(TASK INPUT Opens)

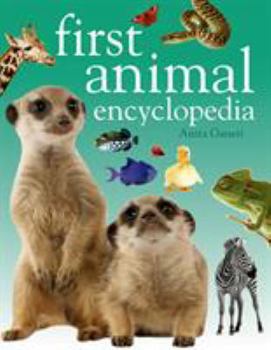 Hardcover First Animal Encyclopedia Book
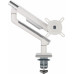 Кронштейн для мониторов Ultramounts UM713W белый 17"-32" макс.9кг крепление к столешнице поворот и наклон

(TASK INPUT Closes)
(TASK INPUT Opens)

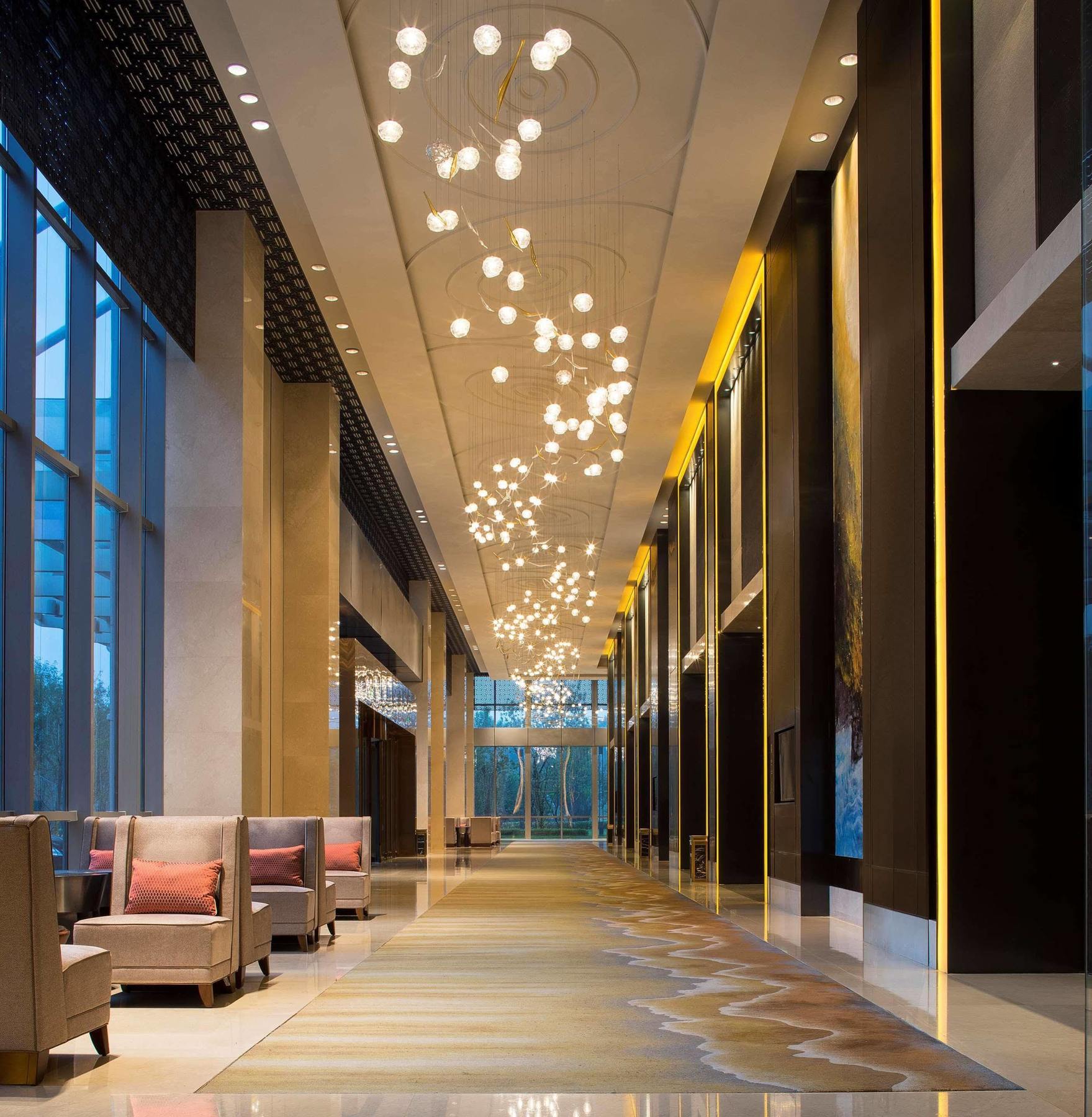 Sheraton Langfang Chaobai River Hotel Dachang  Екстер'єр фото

(TASK INPUT Closes)

_INSTRUCTIONS FOR THE TASK_
From the records above, copy only the lines running from the line containing "Hardcover First Animal Encyclopedia Book" to the line containing "Кронштейн для мониторов", both ends included. Leave the pictures out.

_RESULT_
 Hardcover First Animal Encyclopedia Book
 Кронштейн для мониторов Ultramounts UM713W белый 17"-32" макс.9кг крепление к столешнице поворот и наклон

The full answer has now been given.